午後から大学へ。卒研の暗号ゼミ。 夜は草津で数学科の新任の先生の歓迎会。

数日前の日記での円形のスタジアムの中のライオンと人間の問題の回答。 両者の最大速度が同じで、両者とも最善を尽くすとしたなら、 人間はライオンから逃げ続けられるか?
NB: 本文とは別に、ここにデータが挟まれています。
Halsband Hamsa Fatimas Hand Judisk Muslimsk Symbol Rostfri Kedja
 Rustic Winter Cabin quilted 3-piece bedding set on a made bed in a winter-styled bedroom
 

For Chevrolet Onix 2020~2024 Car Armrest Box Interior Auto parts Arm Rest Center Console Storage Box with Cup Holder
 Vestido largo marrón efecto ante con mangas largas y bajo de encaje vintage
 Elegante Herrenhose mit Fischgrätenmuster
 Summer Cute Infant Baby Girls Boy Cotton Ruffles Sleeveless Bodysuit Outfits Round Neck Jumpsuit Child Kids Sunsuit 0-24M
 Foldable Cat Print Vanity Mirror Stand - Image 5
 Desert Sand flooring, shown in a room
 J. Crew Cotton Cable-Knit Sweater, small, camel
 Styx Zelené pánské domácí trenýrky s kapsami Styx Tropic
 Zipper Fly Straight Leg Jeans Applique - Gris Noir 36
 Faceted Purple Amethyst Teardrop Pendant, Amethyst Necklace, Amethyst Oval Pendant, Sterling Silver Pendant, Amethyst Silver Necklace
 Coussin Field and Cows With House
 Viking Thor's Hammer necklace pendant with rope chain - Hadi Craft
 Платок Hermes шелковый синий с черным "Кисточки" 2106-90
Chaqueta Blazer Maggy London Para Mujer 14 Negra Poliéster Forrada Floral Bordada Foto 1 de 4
まずパズル好きの人ならこう答えるだろう。 「逃げ続けられない。なぜなら、 ライオンは円の中心と人間を結ぶ線上にいるようにしながら、 人間に近づいていけばよいからである」 これは非常にもっともでいわゆる「気の効いた答」に思える。 人間はスタジアムの最大半径いっぱいの円周上を逃げ、 ライオンは上の戦略で追いかけるのが両者最善として計算すると、 (結局ある積分の収束条件に帰着するのだが)、 きちんとライオンが人間を捕まえられることが証明できる。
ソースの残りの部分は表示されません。